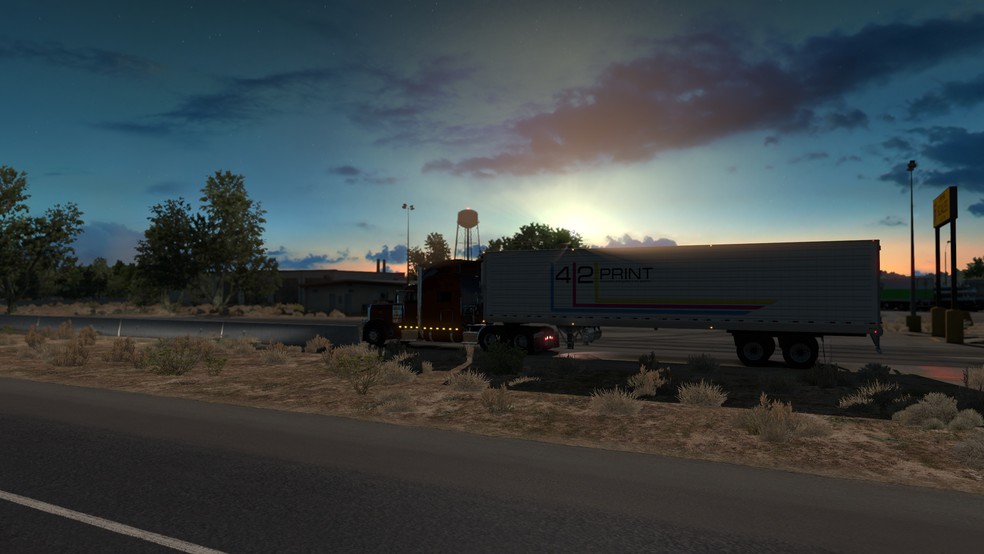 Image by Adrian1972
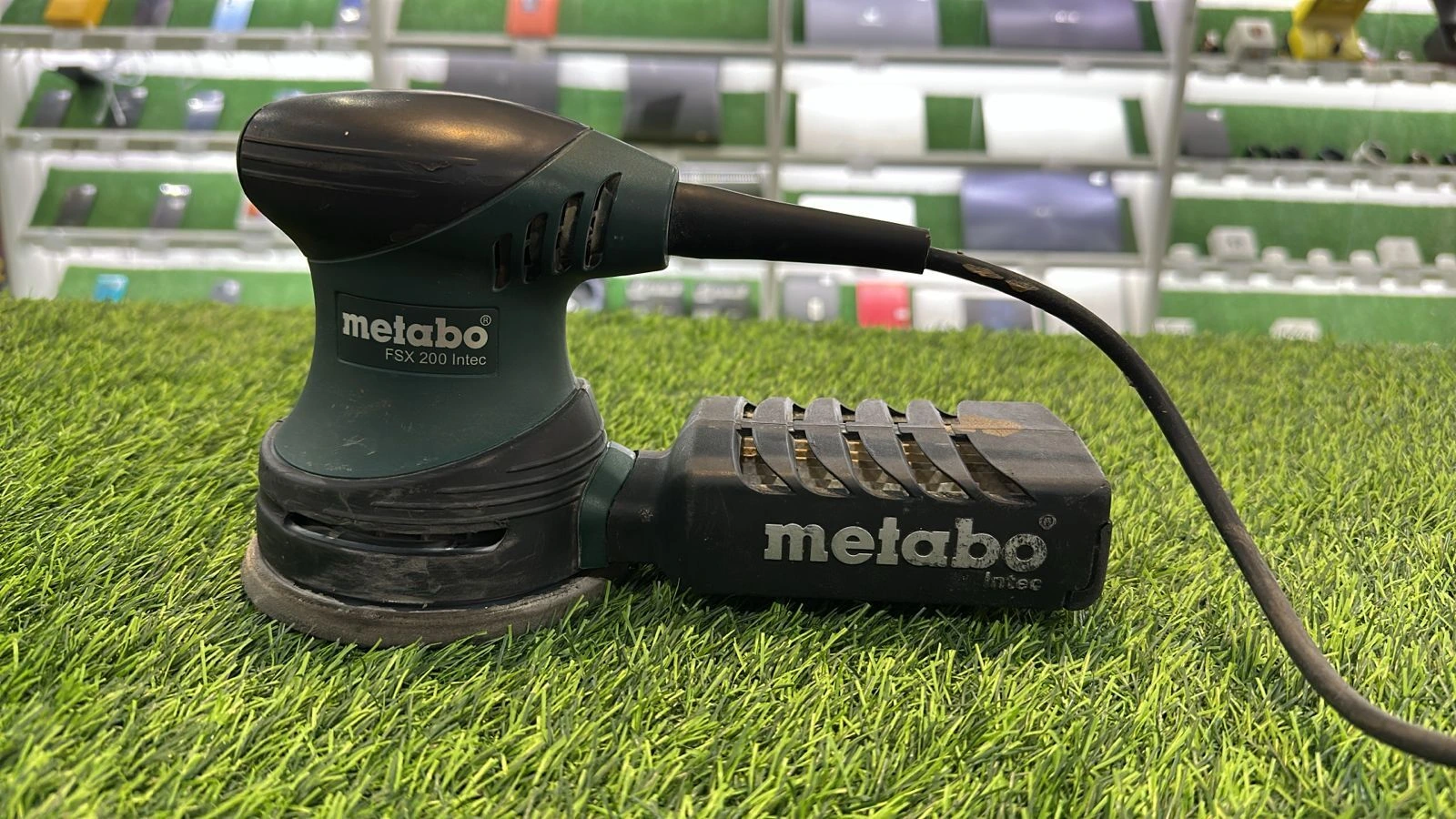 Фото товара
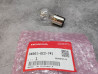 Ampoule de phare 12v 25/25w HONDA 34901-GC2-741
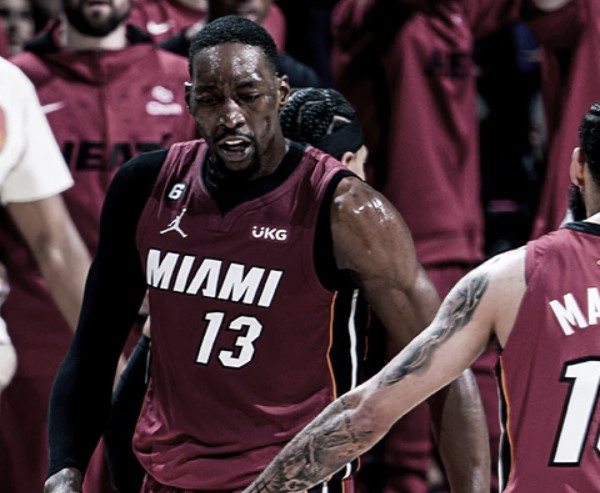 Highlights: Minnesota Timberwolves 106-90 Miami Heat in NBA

→ **What this task involves**: Word for word, retype the lines from the one that contains "Фото товара" through the final line of the data, both ends included, excluding pictures.

→ **Exercise solution**:
 Фото товара
 Ampoule de phare 12v 25/25w HONDA 34901-GC2-741
 Highlights: Minnesota Timberwolves 106-90 Miami Heat in NBA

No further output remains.